Try it —
Please filter the data below down to the lines holding the string "Road".

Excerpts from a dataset
☆ ☆ ☆ ☆ ☆

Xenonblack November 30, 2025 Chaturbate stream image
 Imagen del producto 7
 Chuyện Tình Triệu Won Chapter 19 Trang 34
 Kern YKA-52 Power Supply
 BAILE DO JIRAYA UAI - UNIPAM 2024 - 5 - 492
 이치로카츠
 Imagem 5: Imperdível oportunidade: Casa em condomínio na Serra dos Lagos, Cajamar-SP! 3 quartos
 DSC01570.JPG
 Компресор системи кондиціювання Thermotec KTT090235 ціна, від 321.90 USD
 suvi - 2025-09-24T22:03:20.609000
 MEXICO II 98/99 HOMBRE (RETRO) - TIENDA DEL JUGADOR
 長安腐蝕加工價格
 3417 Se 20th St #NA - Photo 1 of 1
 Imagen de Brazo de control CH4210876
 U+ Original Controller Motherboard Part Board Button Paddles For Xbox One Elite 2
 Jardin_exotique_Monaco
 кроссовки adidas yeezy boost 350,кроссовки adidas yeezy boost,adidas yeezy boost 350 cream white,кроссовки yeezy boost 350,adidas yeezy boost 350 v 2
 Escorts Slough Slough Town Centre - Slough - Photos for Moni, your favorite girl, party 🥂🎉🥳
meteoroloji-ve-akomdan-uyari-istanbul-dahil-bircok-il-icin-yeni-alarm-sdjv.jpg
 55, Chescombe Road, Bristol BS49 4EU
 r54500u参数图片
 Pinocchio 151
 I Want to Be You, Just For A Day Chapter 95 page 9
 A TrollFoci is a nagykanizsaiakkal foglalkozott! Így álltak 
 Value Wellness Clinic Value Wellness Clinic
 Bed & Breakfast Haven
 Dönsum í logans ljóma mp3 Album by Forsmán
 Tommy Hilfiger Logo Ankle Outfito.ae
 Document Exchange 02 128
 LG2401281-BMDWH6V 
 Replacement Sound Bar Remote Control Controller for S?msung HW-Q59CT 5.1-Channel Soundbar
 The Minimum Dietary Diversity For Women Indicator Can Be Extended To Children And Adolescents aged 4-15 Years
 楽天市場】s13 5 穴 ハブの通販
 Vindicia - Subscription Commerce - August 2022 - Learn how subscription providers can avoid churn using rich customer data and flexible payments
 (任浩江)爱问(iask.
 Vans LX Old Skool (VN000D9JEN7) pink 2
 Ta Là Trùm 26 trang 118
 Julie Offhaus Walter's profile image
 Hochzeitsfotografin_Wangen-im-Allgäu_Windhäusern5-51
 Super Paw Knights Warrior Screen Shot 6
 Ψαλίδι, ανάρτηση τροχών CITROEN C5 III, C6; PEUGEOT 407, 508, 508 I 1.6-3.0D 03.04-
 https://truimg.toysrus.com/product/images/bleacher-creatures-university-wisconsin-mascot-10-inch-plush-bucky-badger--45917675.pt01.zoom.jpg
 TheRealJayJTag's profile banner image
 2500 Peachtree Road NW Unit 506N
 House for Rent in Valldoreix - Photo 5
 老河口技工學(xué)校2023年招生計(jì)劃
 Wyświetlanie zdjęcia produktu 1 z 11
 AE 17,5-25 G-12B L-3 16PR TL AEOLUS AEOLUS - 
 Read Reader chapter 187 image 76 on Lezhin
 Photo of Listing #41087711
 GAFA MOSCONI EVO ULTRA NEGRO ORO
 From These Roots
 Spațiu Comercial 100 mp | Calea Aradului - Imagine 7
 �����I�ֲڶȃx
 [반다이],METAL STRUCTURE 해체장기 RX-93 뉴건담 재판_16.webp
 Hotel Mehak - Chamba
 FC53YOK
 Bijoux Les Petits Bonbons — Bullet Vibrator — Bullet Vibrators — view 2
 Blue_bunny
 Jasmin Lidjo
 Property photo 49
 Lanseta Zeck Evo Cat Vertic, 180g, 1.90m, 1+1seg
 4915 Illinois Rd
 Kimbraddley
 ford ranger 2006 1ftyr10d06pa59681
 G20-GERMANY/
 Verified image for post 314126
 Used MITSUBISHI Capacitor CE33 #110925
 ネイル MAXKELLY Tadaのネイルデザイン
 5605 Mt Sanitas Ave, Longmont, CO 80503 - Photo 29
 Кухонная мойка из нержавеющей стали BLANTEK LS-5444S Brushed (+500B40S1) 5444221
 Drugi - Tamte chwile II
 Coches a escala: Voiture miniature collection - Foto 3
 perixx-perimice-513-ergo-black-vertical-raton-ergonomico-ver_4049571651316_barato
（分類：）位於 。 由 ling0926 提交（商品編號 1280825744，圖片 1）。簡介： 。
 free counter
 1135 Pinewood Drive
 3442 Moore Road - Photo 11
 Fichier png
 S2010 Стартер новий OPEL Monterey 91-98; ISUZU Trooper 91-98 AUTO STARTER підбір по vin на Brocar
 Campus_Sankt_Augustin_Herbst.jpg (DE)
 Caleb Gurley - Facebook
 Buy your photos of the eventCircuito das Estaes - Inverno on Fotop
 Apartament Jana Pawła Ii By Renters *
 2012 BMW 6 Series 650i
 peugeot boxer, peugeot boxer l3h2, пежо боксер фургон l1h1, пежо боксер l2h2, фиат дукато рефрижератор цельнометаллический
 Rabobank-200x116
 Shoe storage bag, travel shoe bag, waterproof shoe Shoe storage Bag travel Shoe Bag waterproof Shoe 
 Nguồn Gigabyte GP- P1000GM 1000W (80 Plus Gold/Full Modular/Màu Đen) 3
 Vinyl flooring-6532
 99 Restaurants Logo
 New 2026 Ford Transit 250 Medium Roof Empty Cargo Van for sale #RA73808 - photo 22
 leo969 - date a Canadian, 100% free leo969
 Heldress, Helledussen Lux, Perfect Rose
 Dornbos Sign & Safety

☆ ☆ ☆ ☆ ☆

Exercise result —
 55, Chescombe Road, Bristol BS49 4EU
 2500 Peachtree Road NW Unit 506N
 3442 Moore Road - Photo 11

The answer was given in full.